NAYPYIDAW - Mr Htin Kyaw, the man chosen by Aung San Suu Kyi to serve as her proxy, was sworn in as Myanmar’s president on Wednesday (March 30), becoming the country's first civilian leader after decades of military rule since 1962 .
Mr Htin Kyaw, a 69-year-old close aide and long-time family friend handpicked by National League for Democracy (NLD) leader Aung San Suu Kyi for the role, was sworn in alongside two vice presidents – army nominee Myint Swe, a former general; and NLD nominee Henry Van Thio, an ethnic Chin and a Christian.
“I, Htin Kyaw, will be loyal to the union and the people of the union (and) will respect this constitution and the laws of the nation” the soft-spoken Mr Htin, wearing a collarless shirt in the NLD’s peach-coloured parliamentary colours, said in his oath at a ceremony at the country’s parliament in the capital Naypyidaw.
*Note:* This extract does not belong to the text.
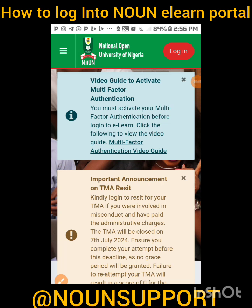If you have not done your exam registration, you cannot have access. If you just finished doing it within 24 hours, you may also not be able to have access, so you just have to be patient, wait a little bit, and try at a later time. Take note that this portal is for doing your Tutor Marked Assignments — TMA 1, 2, and 3.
He takes over from outgoing president Thein Sein, the former general who steered the country through an occasionally turbulent five years of transition from a decades-long military dictatorship to quasi-civilian rule.
Looking on at the ceremony were Ms Suu Kyi and army chief Senior General Min Aung Hlaing.
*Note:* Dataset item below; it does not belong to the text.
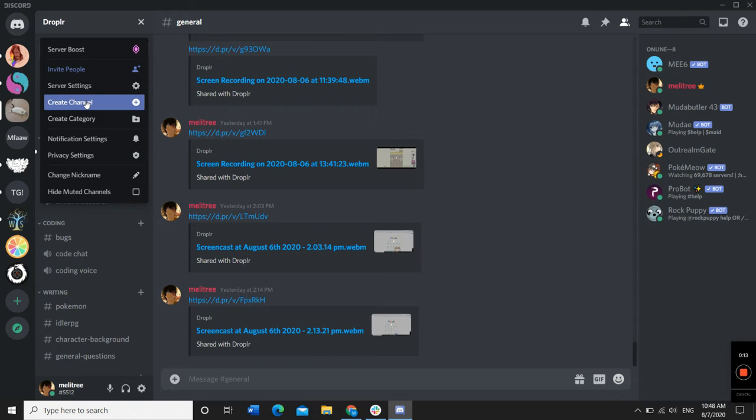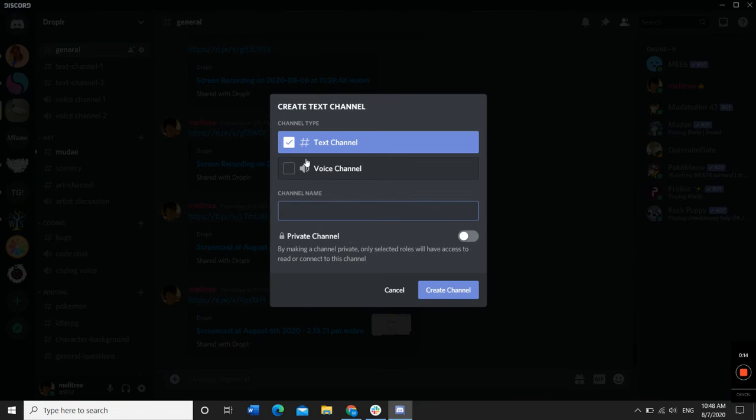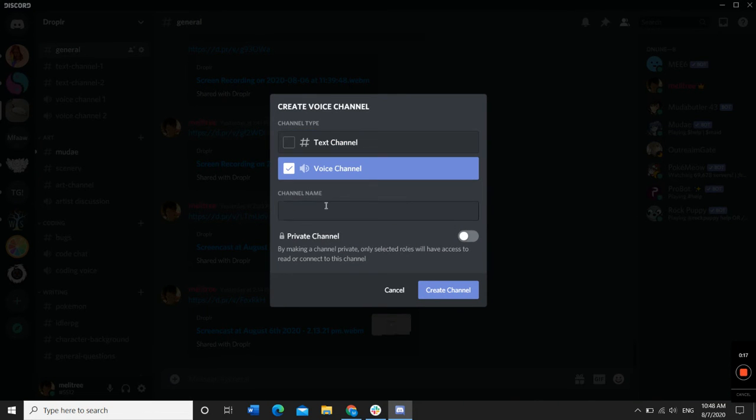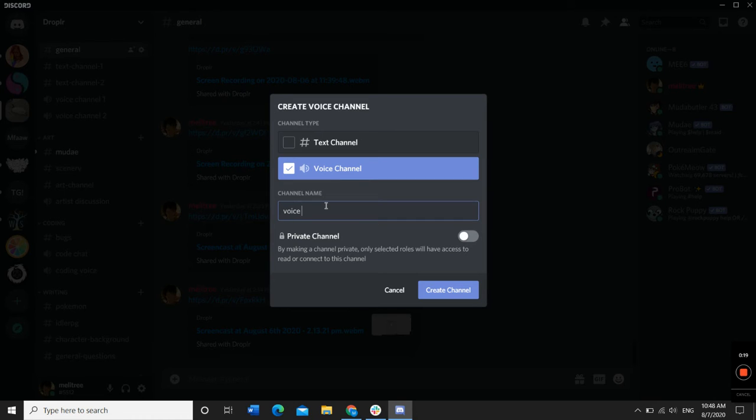Then, click Create Channel. You can create a new text channel or voice channel. Then name your channel.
Ms Suu Kyi cannot be President herself because the junta-era constitution bars those with foreign family links from the post. Ms Suu Kyi was married to a Briton and her two sons are UK citizens.
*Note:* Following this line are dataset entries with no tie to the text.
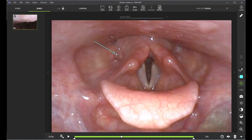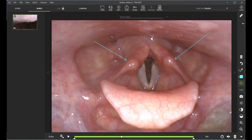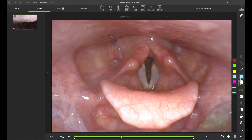Let's say I'm going to point out the arytenoids — I can easily do that, and I can label them if I want, or just leave it as is. And if I'm wanting to make them a little bit easier to see, I might change the width.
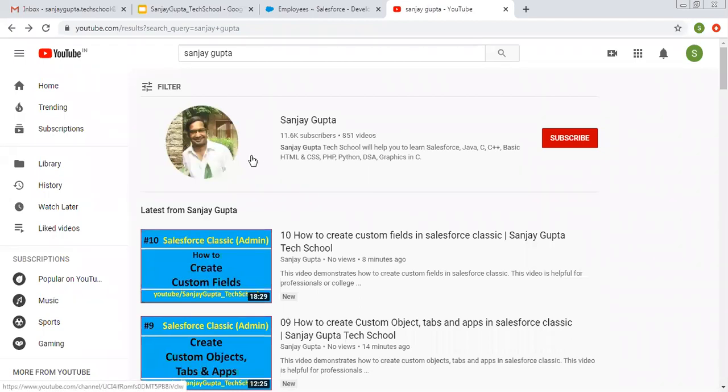If you want to follow more Salesforce related videos, you can search me on YouTube by my name. Thank you for watching this video.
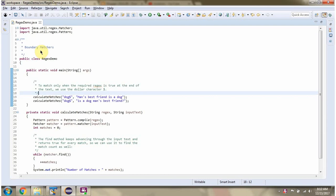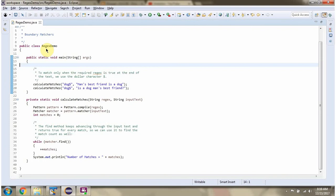This video tutorial I will cover boundary matcher. Here I have defined the class RegexDemo. It has a main method.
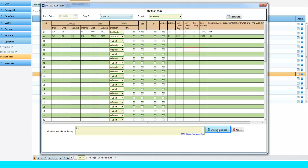Please note, after finalizing the Deck Logbook, the Deck Officers cannot modify the logbook records.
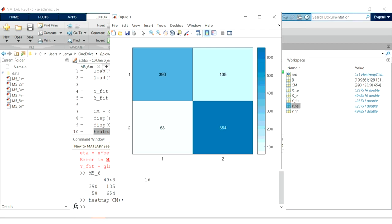So we definitely have to think about how we can improve our algorithm. Another very useful characteristic that we saw in the lecture was accuracy. Let's calculate it now as well.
The NLD government's new Cabinet led by Ms Suu Kyi was also sworn in.
The 70-year-old Nobel Peace Prize laureate is to take four portfolios including that of foreign affairs, in the new administration which takes office on Thursday (March 31) but technically assumes full powers from Friday.
Under the constitution the army appoints three Cabinet ministers - those of home, defence and border affairs.
In a short address soon after being sworn in, Mr Htin Kyaw said that among other things the party would want to amend the constitution to ‘’democratic standards’’ according to the ‘’wishes of the people.’’
“Our new government will implement national reconciliation, peace in the country, emergence of a constitution that will pave the way to a democratic union, and enhance the living standard of the people,” said Mr Htin.
“We have the duty to work for the emergence of a constitution that is appropriate for our country and also in accordance with democratic standards.”
The NLD won a sweeping victory in the November 2016 general election, and now controls a majority in both houses of parliament.
Many NLD lawmakers were emotional. “I couldn’t sleep last night. Our president U Htin Kyaw’s speech is something we have never heard before in the country,” NLD lawmaker Thiri Yadana, 28, said after the ceremony according to Reuters.
“He promised that he will work for the country with the respect to our leader Aung San Suu Kyi. It’s such a big step and this has happened because everybody pushed together forward.”
Tension had simmered in the run-up to the election and as the NLD prepared to take power. Suu Kyi wants to demilitarise Myanmar’s politics but effectively needs the support of the military to do so.
The army still controls 25 per cent of seats in parliament, enough to veto any attempt to amend the constitution to pave the way for Ms Suu Kyi to be president.